Portsmouth is a city in Scioto County, Ohio, United States, and its county seat. Located in southern Ohio 41 miles (66 km) south of Chillicothe, it lies on the north bank of the Ohio River, across from Kentucky and just east of the mouth of the Scioto River. The population was 18,252 at the 2020 census. It is the principal city of the Portsmouth micropolitan area.

The area was occupied by Native Americans as early as 100 BC, as indicated by the Portsmouth Earthworks, a ceremonial center built by the Ohio Hopewell culture between 100 and 500 AD.

According to early 20th-century historian Charles Augustus Hanna, a Shawnee village was founded at the site of modern-day Portsmouth in late 1758, following the abandonment of Lower Shawneetown.

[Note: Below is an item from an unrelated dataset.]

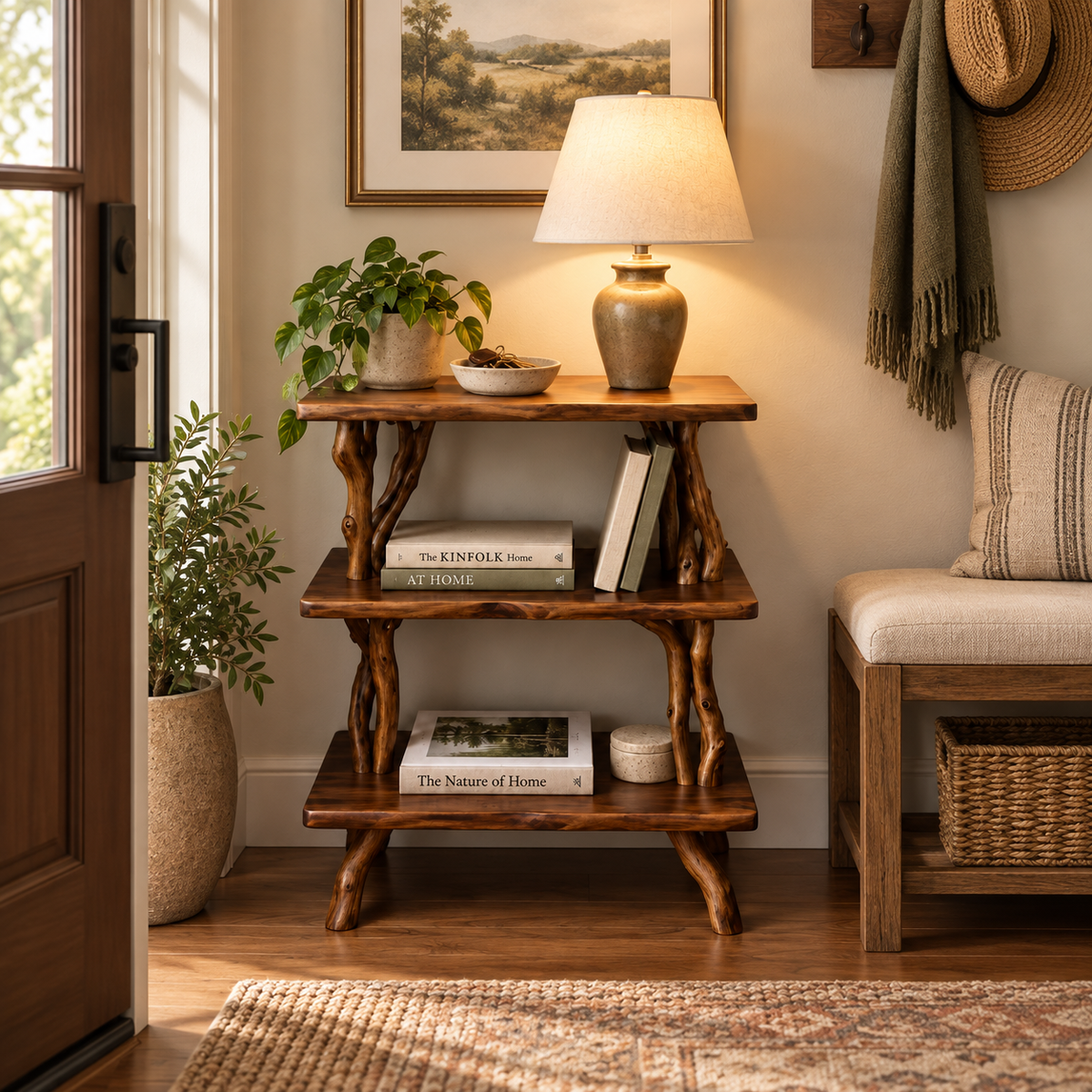 Three-Tier Driftwood Branch Nightstand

European-Americans began to settle in the 1790s after the American Revolutionary War, and the small town of Alexandria was founded. Located at the confluence, Alexandria was flooded numerous times by the Ohio and the Scioto rivers.

In 1796, Emanuel Traxler became the first person of European descent to permanently occupy land in what would later be known as Portsmouth, after the United States gained its independence.

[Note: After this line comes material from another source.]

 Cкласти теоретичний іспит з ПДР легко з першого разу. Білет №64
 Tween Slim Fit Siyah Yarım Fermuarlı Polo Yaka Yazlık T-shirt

In 1803, Henry Massie found a better location slightly east and somewhat removed from the flood plains. He began to plot the new city by mapping the streets and distributing the land. Portsmouth was founded in 1803 and established as a city in 1815. It was designated as the county seat. Settlers left Alexandria, and it soon disappeared. Massie named Portsmouth after the town of Portsmouth, New Hampshire.

The Ohio state legislature passed "Black Laws" in 1804 that restricted movement of free blacks and required persons to carry papers, in an effort to dissuade blacks from settling in the state. These provisions were intermittently enforced by local governments and law enforcement, and sometimes used as an excuse to force African Americans out of settlements. In 1831, Portsmouth drove out African Americans from the city under this pretext. Many settled several miles north in what became known as Huston's Hollow, along the Scioto River. Its residents, especially Joseph Love and Dan Lucas, provided aid to refugee slaves in the following years and assisted them in moving north.

Although southern Ohio was dominated in number by anti-abolitionist settlers from the South, some whites also worked to improve conditions for blacks and aid refugee slaves. Portsmouth became important in the antebellum years as part of the Underground Railroad. Fugitive slaves from Kentucky and other parts of the South crossed the Ohio River here. Some found their future in Portsmouth; others moved north along the Scioto River to reach Detroit, Michigan, and get farther away from slave catchers. Many continued into Canada to secure their freedom. A historical marker near the Grant Bridge commemorates this period of Portsmouth's history. James Ashley of Portsmouth continued his activism and pursued a political career. After being elected to Congress, he wrote the Thirteenth Amendment to the United States Constitution, which abolished slavery in 1865 after the American Civil War.